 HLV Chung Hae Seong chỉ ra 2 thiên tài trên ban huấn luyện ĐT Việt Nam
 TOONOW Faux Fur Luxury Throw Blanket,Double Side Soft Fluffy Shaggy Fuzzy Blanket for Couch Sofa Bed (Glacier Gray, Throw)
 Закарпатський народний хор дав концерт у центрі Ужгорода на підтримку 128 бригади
☆ ☆ ☆
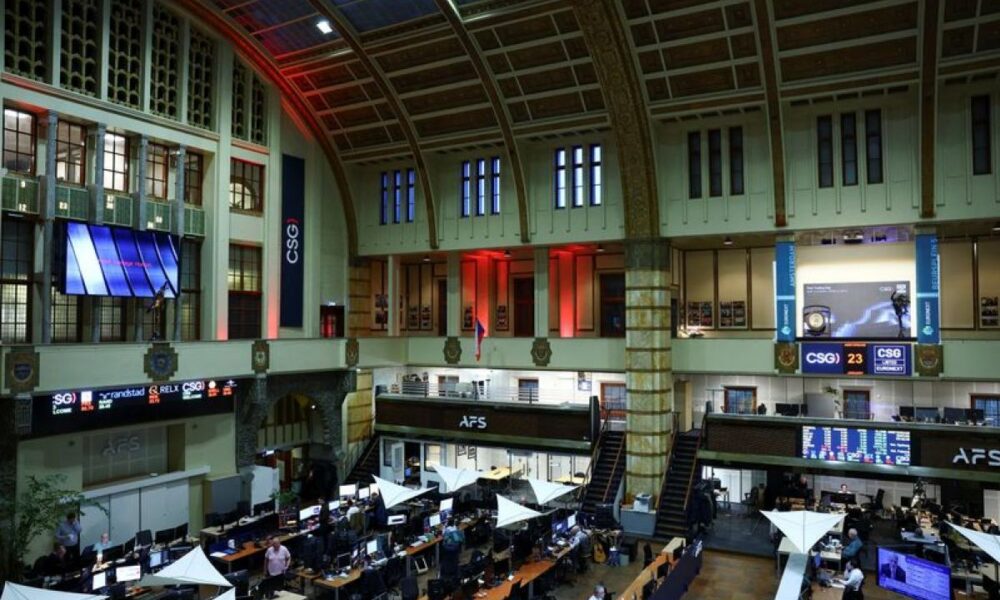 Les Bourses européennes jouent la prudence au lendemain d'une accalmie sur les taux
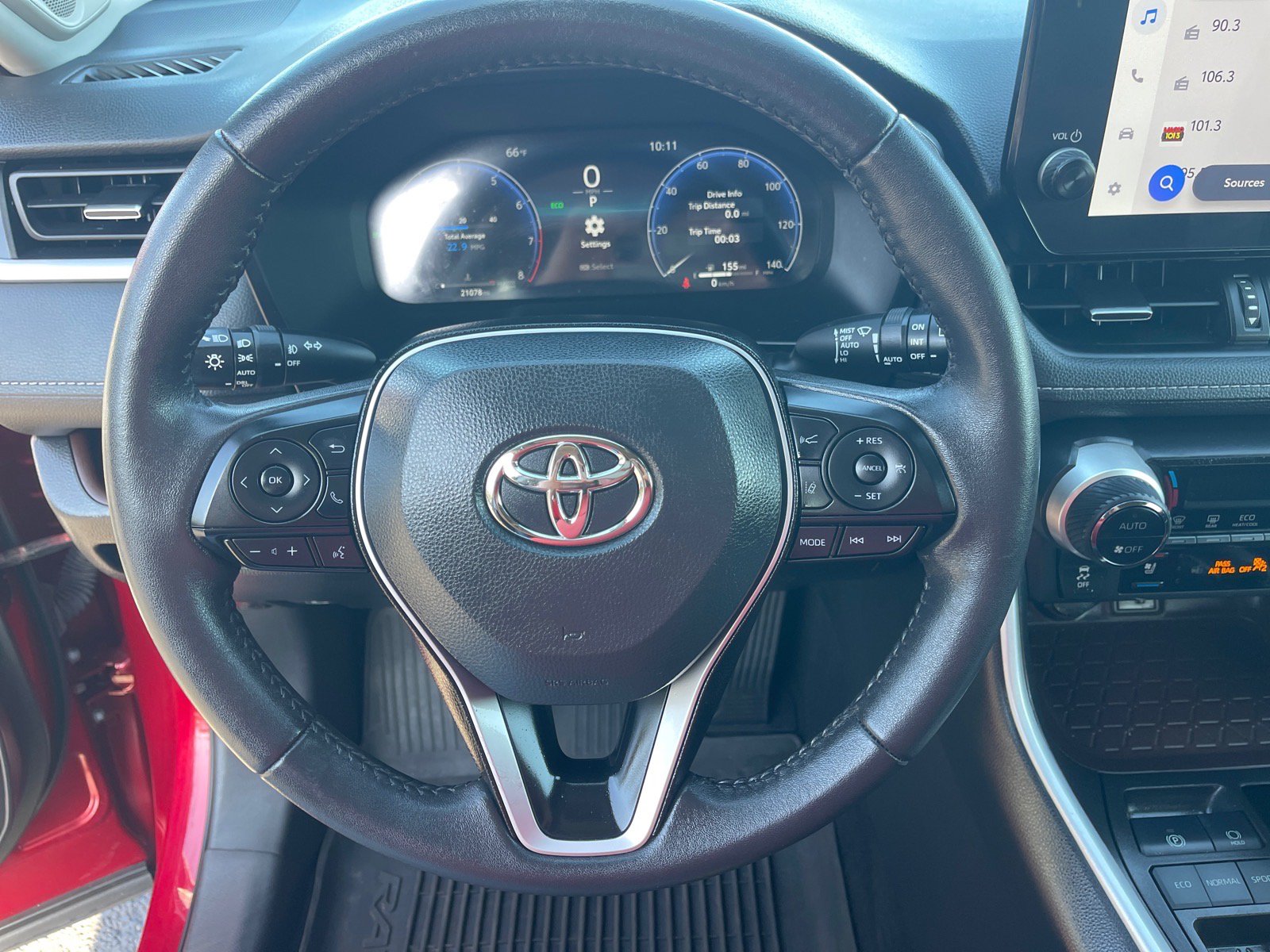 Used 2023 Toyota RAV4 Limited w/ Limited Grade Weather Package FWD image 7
☆ ☆ ☆
Exercise description:
Everything above from the line containing "HLV Chung Hae" down to the line containing "Закарпатський народний хор" is to be transcribed exactly, with both of those lines included and nothing else added.

Result:
 HLV Chung Hae Seong chỉ ra 2 thiên tài trên ban huấn luyện ĐT Việt Nam
 TOONOW Faux Fur Luxury Throw Blanket,Double Side Soft Fluffy Shaggy Fuzzy Blanket for Couch Sofa Bed (Glacier Gray, Throw)
 Закарпатський народний хор дав концерт у центрі Ужгорода на підтримку 128 бригади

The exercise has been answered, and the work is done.